The television series "Roots" excited much interest in this phase of Afro-American history. The narrative of Gustavus Vassa, an African slave writing in the 18th century, is vivid as an eyewitness account of these horrors: forced capture; a long voyage with men, women, and children packed like sardines below a ship's deck; attempts to seize control of the ship punished by death; suicides as means of escape; torture; and, finally, induction into a life of slavery.


   The first object which saluted my eyes when I arrived on the coast, was the sea, and a slave ship, which was then riding at anchor, and waiting for its cargo. These filled me with astonishment, which was soon converted into terror, when I was carried on board. I was immediately handled, and tossed up to see if I were sound, by some of the crew; and I was now persuaded that I had gotten into a world of bad spirits, and that they were going to kill me. Their complexions, too, differing so much from ours, their long hair, and the language they spoke, (which was very different from any I had ever heard) united to confirm me in this belief...
   I now saw myself deprived of all chance of returning to my native country, or even the least glimpse of hope of gaining the shore, which I now considered as friendly; and I even wished for my former slavery in preference to my present situation, which was filled with horrors of every kind, still heightened by my ignorance of what I was to undergo. I was not long suffered to indulge my grief, I was soon put down under the decks, and there I received such a salutation in my nostrils as I had never experienced in my life: so that, with the loathsomeness of the stench, and crying together, I became so sick and low that I was not able to eat, nor had I the least desire to taste anything. I now wished for the last friend, death, to relieve me; but soon, to my grief, two of the white men offered me eatables; and on my refusing to eat, one of them held me fast by the hands and laid me across, I think the windlass, and tied my feet, while the other flogged me severely...
   At last, when the ship we were in, had got in all her cargo, they made ready with many fearful noises, and we were all put under deck, so that we could not see how they managed the vessel. But this disappointment was the least of my sorrow. The stench of the hold while we were on the coast was so intolerably loathsome, that it was dangerous to remain there for any time, and some of us had been permitted to stay on the deck for the fresh air; but now that the whole ship's cargo were confined together, it became absolutely pestilential. The closeness of the place, and the heat of the climate, added to the number in the ship, which was so crowded that each had scarcely room to turn himself, almost suffocated us. This produced copious perspirations, so that the air soon became unfit for respiration, from a variety of loathsome smells, and brought on a sickness among the slaves, of which many died - thus falling victims to the improvident avarice, as I may call it, of their purchasers. This wretched situation was again aggravated by the galling of the chains, now became insupportable; and the filth of the necessary tubs, into which the children often fell, and were almost suffocated. The shrieks of the women, and the groans of the dying, rendered the whole a scene of horror almost inconceivable. Happily perhaps, for myself, I was soon reduced so low here that it was thought necessary to keep me almost always on deck; and from my extreme youth I was not put in fetters. In this situation I expected every hour to share the fate of my companions, some of whom were almost daily brought upon deck at the point of death, which I began to hope would soon put an end to my miseries...
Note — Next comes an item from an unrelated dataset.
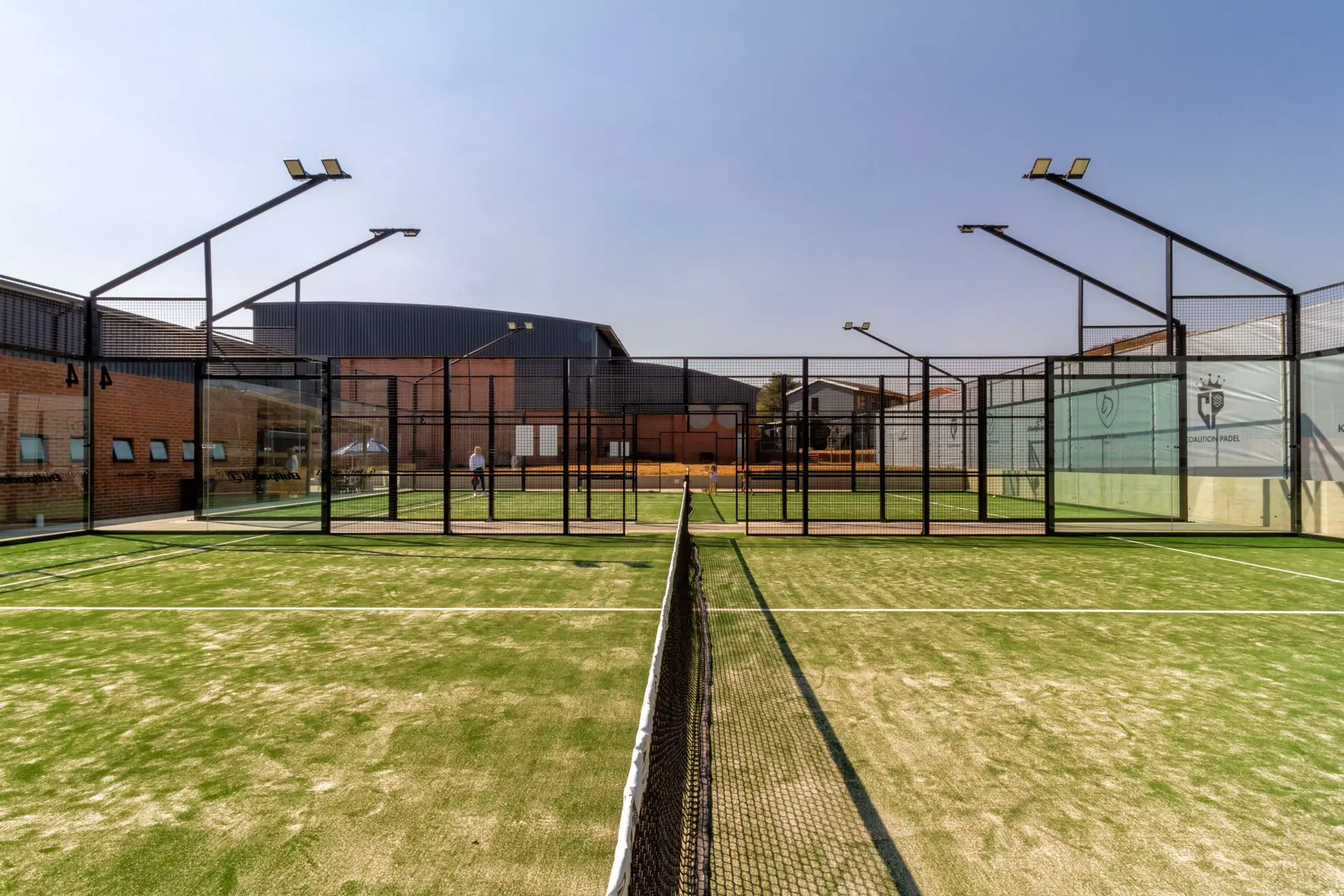 Two padel tennis courts with artificial turf and glass walls under a clear sky.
   At last, we came insight of the island of Barbadoes...
   We were conducted immediately to the merchant's yard, where we were all pent up together, like so many sheep in a fold, without regard to sex or age.... We were not many days in the merchant's custody, before we were sold after their usual manner, which is this: On a signal given, (as the beat of a drum,) the buyers rush at once into the yard where the slaves are confined, and make choice of that parcel they like best. The noise and clamor with which this is attended, and the eagerness visible in the countenances of the buyers, serve not a little to increase the apprehension of terrified Africans, who may well be supposed to consider them as the ministers of that destruction to which they think themselves devoted. In this manner, without scruple, are relations and friends separated, most of them never to see each other again...0, ye nominal Christians! might not an African ask you - Learned you this from your God, who says unto you, Do unto all men as you would men should do unto you? Is it not enough that we are torn from our country and friends, to toil for your luxury and lust of gain? Must every tender feeling be likewise sacrificed to your avarice...Surely, this is a new refinement in cruelty, which, while it has no advantage to atone for it, thus aggravates distress, and adds fresh horrors even to the wretchedness of slavery.
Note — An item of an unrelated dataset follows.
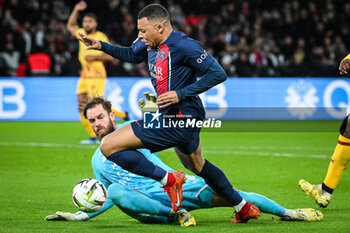 2023-12-20 - Alexandre OUKIDJA of Metz and Kylian MBAPPE of PSG during the French championship Ligue 1 football match between Paris Saint-Germain and FC Metz on December 20, 2023 at Parc des Princes stadium in Paris, France - FOOTBALL - FRENCH CHAMP - PARIS SG V METZ - FRENCH LIGUE 1 - SOCCER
But why the slave trade in the first place? And of what significance was the result of the slave trade, especially the institution of slavery in the United States? Few popular discussions provide sufficient answers to these all important questions. The usual practice is to dismiss the slave trade and slavery as the result of "man's inhumanity to man" - natural events that we are now too "civilized" to practice again. Or slave trade and slaves are blamed on the "inherent evilness of the devil - the white man." Both of these explanations fall far short of explaining what actually happened in history and why. The story is much more complex than that. In this chapter we will look at some of the factors which caused the trade in Africans. In the next chapter we will discuss the slave system of the antebellum South.

The slave trade involved several important factors. The slavers were, for the most part, European and American merchants. The source of slaves was Africa, though slaves were taken from other continents as well. The destination to which most slaves were taken was the so-called "New World" - especially the West Indies. It is very important for us to place the slave trade in international perspective if we are to understand it properly.
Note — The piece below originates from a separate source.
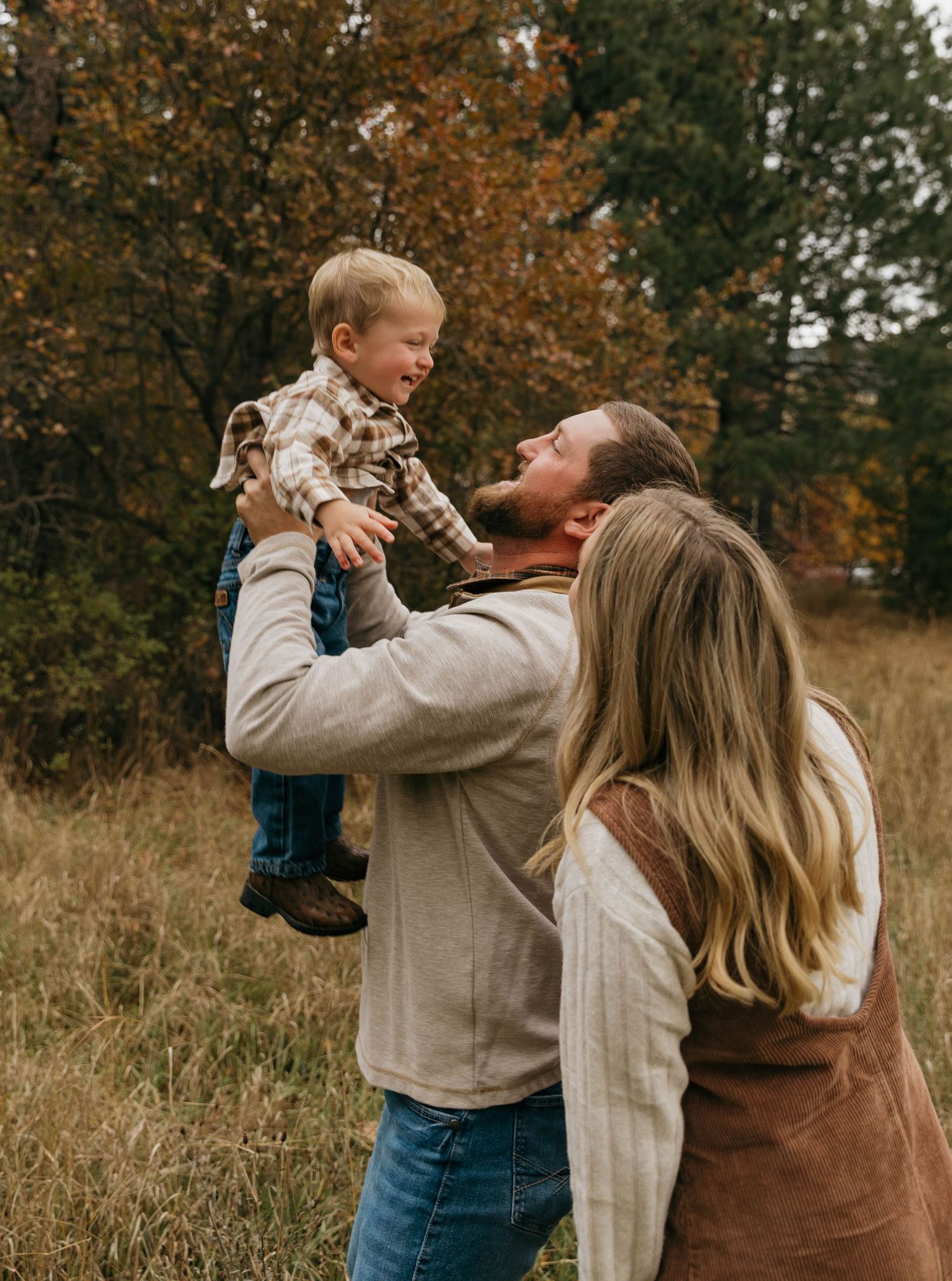 A family shares a joyful autumn moment together in a field with fall foliage in the background.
Eric Williams (1970) indicates the extent to which slave trading was an international venture: 

The Negro slave trade became one of the most important business enterprises of the seventeenth century. In accordance with sixteenth-century precedents its Organisation was entrusted to a company which was given the sole right by a particular nation to trade in slaves on the coast of West Africa, erect and maintain the forts necessary for the protection of the trade, and transport and sell the slaves in the West Indies. Individuals, free traders or 'interlopers,' as they were called, were excluded. Thus the British incorporated the Company of Royal Adventurers trading to Africa, in 1663, and later replaced this company by the Royal African Company, in 1672, the royal patronage and participation reflecting the importance of the trade and continuing the fashion set by the Spanish monarchy of increasing its revenues thereby. The monopoly of the French slave trade was at first-assigned to the French West India Company in 1664, and then transferred, in 1673, to the Senegal Company.  The monopoly of the Dutch slave trade was given to the Dutch West India Company, incorporated in 1621. Sweden organised a Guinea Company in 1647. The Danish West India Company, chartered in 1671, with the royal family among its shareholders, was allowed in 1674 to extend its activities to, Guinea. Brandenburg established a Brandenburg African Company, and established its first trading post on the coast of West Africa in 1682. The Negro slave trade, begun about 1450 as a Portuguese monopoly, had, by the end of the seventeenth century, become an international free-for-all. 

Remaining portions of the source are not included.